Your missing component is a 10 ohm - 2W 5% metal film . . . initial charge bufferring . . .resistor.
Might as
well leave it out until the unit has been completely checked out.
Since that would be a good point to insert a series 60 watt incandescent series lamp for permitting
an initial non destructive / shakedown power up . . . . AFTER weeding out any and all possibly bad parts being within in this raw DC power supply / SMPS section.

Initially check that the RED rectangle marked up line fuse has blown or not, then go down and check out the

4 diode sections within the BR01 BLUE rectangle marked up full wave bridge rectifier, seeing that it does not have any shorted diodes within it.

Check across the LARGE black electrolytic just behind it for any short across it.

Move down to the second RED rectangle marked MIP2G4MO switch mode IC mounted onto the heat sink at the very end of the PCB and check out all of its 7 lead interconnect possibilities for any shorts.
Pins 4 and 7 go to the internal POWER FET inside of the unit and would be the most suspect to have developed a short.

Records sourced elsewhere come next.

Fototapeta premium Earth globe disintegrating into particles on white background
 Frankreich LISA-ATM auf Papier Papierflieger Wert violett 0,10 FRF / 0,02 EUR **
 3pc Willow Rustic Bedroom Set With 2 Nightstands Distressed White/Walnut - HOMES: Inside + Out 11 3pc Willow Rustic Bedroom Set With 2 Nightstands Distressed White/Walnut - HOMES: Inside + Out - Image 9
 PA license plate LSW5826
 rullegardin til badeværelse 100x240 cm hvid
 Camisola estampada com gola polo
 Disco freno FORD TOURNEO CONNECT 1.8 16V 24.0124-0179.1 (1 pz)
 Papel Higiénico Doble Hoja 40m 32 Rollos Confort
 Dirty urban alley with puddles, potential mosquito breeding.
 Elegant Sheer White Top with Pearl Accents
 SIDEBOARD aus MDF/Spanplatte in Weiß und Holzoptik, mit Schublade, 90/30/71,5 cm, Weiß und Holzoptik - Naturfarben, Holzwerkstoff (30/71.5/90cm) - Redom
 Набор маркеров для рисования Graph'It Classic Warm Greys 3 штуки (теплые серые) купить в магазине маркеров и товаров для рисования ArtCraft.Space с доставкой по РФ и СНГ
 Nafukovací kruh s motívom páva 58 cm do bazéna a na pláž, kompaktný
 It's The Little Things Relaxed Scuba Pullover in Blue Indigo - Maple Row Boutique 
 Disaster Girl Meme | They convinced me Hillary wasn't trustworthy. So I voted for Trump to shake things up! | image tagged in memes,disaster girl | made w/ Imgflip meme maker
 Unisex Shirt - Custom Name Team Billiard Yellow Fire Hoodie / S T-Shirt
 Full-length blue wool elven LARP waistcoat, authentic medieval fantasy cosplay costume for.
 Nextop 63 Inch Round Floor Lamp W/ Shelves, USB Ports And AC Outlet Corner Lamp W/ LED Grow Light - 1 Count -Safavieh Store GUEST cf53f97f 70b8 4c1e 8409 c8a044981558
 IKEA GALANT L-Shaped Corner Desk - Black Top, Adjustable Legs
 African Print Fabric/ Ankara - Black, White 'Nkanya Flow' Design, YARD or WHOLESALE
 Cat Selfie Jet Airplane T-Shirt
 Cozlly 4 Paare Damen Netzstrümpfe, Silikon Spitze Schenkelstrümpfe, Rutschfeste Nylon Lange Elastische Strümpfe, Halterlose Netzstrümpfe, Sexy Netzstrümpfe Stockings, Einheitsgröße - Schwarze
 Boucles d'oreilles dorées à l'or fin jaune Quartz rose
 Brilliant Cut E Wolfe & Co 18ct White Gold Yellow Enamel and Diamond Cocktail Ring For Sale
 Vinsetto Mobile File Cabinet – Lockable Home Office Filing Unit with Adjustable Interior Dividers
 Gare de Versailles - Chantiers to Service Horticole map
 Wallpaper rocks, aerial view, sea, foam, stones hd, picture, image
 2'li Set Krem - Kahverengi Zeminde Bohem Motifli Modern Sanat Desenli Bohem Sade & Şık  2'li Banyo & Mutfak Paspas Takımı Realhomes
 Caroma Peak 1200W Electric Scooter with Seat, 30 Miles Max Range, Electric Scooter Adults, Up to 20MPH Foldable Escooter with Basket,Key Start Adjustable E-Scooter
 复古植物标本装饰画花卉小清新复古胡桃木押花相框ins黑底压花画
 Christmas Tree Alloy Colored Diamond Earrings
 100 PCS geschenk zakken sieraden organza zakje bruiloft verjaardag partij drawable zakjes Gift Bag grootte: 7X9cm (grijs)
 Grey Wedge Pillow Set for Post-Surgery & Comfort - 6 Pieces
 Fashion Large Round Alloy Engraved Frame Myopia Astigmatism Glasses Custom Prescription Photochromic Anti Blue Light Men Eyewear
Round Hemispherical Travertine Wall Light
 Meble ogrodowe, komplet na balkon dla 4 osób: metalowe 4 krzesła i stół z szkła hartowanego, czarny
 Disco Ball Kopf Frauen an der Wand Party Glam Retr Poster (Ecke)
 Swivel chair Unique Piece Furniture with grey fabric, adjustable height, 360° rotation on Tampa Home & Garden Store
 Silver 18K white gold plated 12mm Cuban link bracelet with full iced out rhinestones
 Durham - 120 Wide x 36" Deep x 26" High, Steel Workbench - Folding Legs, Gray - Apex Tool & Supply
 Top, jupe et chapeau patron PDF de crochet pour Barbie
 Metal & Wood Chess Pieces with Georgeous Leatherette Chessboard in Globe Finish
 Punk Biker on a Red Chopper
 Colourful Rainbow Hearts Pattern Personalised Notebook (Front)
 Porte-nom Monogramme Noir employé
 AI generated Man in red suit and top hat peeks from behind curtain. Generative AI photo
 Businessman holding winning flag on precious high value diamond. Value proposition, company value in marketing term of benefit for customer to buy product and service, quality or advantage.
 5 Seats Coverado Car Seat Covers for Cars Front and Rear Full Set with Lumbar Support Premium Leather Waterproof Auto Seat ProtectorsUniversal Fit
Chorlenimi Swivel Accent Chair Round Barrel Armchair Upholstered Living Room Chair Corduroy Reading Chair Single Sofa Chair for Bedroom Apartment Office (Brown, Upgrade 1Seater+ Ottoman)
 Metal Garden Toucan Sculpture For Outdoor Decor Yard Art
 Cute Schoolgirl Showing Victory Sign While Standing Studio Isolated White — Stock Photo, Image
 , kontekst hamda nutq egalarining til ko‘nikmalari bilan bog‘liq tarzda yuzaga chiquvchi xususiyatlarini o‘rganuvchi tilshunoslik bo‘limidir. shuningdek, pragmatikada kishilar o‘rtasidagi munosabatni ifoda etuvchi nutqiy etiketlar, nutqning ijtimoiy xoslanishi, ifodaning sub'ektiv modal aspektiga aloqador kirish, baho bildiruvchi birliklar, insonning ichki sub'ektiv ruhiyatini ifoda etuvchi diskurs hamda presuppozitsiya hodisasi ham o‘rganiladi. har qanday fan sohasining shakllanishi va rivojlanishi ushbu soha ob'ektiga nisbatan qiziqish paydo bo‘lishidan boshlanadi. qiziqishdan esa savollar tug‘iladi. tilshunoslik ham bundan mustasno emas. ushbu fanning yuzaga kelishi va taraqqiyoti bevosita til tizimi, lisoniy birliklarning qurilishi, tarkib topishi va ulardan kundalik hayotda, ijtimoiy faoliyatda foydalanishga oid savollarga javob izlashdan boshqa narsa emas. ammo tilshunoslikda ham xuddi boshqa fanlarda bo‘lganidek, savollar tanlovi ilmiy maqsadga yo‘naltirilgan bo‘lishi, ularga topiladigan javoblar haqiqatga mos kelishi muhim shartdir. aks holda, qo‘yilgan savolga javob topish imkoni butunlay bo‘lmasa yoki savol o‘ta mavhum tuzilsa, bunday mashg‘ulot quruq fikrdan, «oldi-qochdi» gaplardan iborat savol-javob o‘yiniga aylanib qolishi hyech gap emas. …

The GREEN rectangle marked electroltyic that blew its seal at the bottom and leaked electrolte, was probably the initial . . . number 1 item to go . . . . and then other semis failed after that. Your mystical, and odiferous white smoke should have originated from that electrolytic also.
And then a final . . . psssssssssssssst . . . coming from that RED chemical fuse . . . as it opened up.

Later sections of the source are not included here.